*** Exercise data Section Begins ***

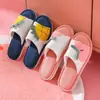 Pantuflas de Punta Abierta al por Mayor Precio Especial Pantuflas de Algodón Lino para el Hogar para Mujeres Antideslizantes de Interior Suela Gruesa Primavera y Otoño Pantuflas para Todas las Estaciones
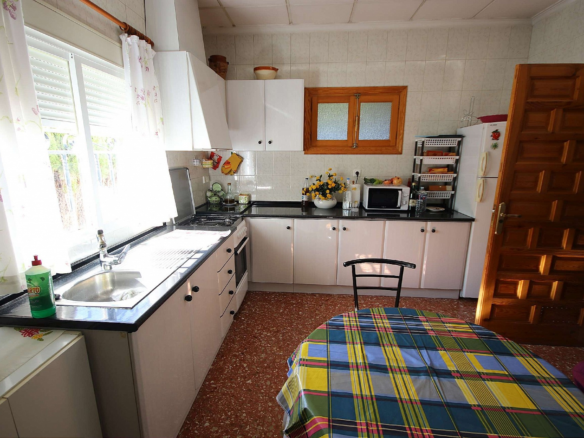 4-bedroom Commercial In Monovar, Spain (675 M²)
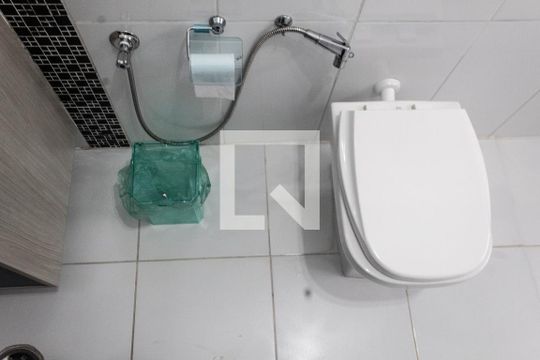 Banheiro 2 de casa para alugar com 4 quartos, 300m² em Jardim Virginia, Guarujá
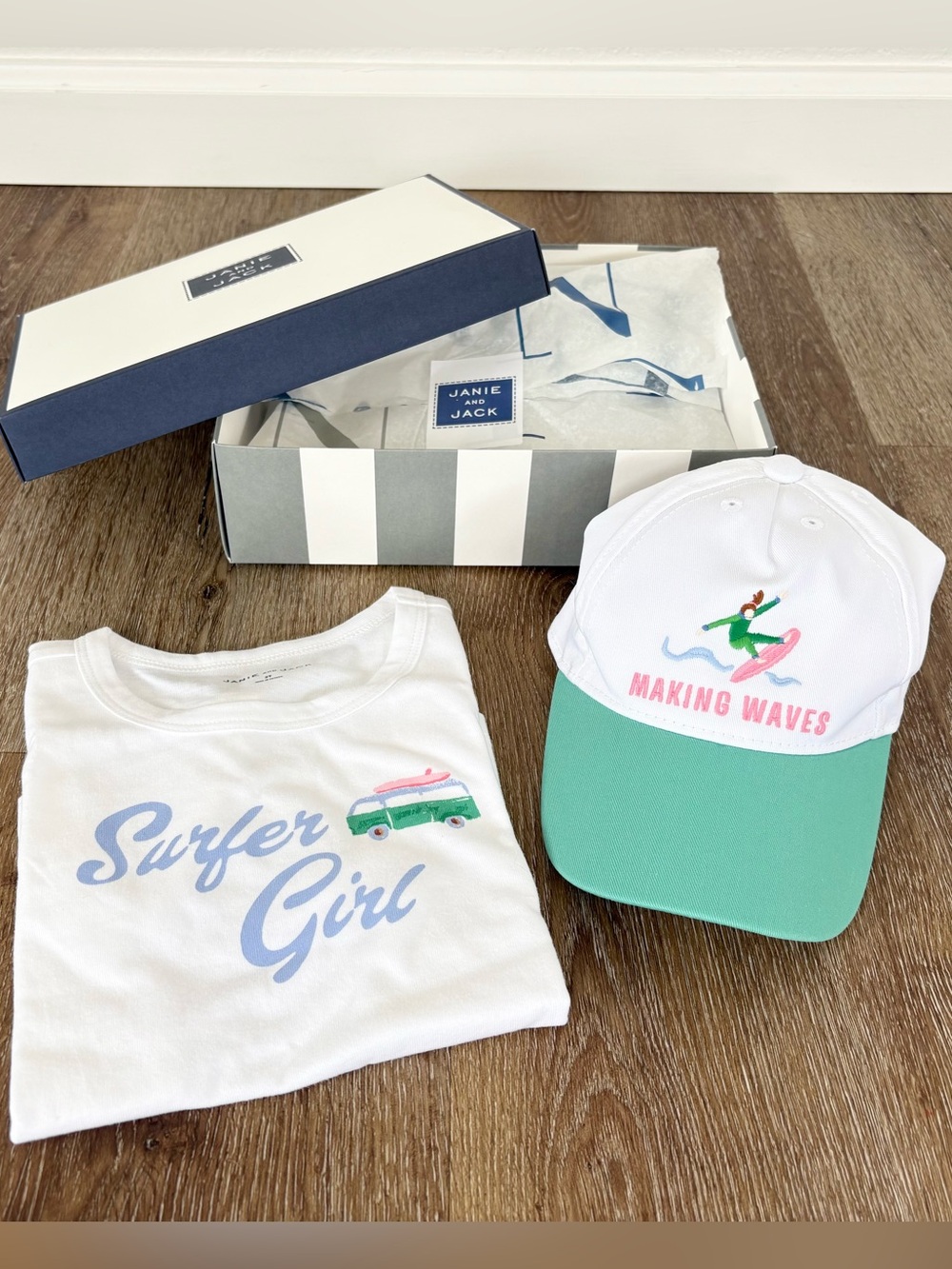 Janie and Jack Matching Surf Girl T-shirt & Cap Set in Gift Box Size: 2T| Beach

*** Exercise data Section Ends ***
*** Exercise data Section Begins ***

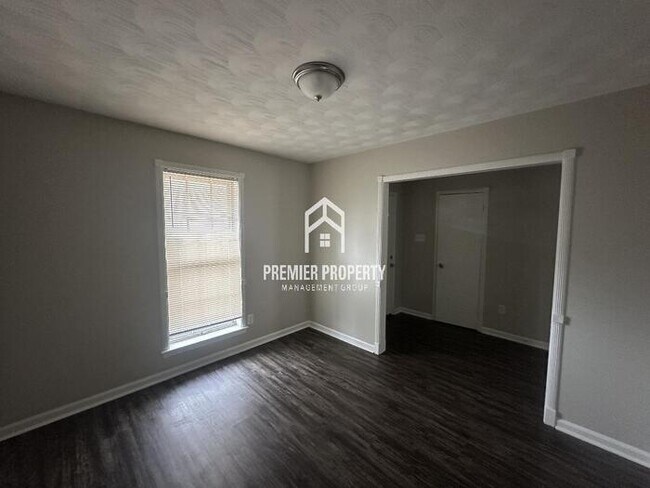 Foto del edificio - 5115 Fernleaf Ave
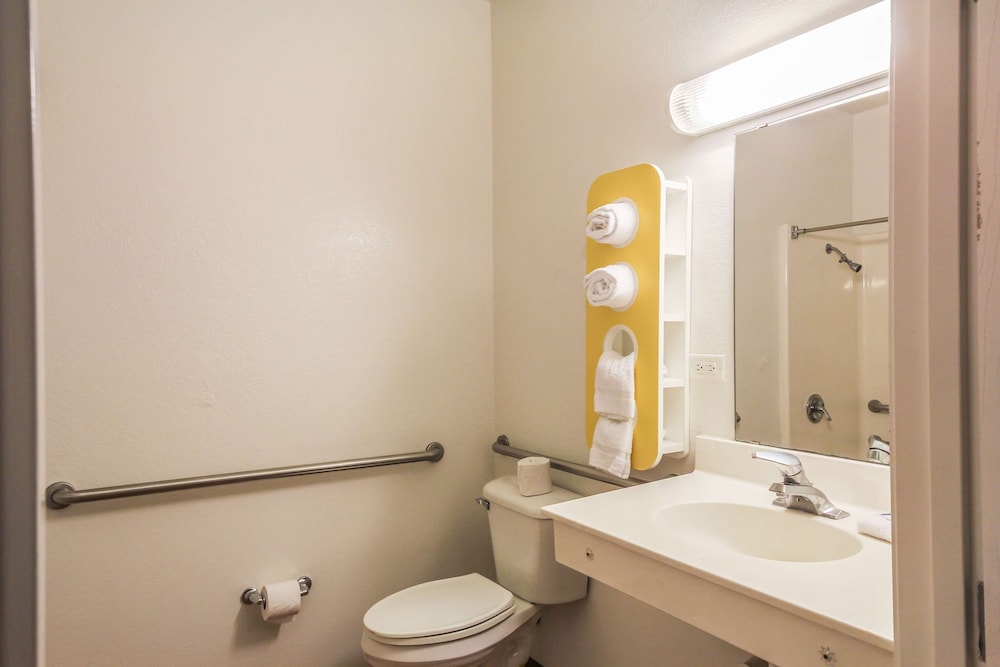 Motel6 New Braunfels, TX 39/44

*** Exercise data Section Ends ***

In the material above, the stretch from the line with "Foto del edificio - 5115 Fernleaf Ave" through the line with "Motel6 New Braunfels, TX 39/44" is to be given again exactly, minus the pictures.

 Foto del edificio - 5115 Fernleaf Ave
 Motel6 New Braunfels, TX 39/44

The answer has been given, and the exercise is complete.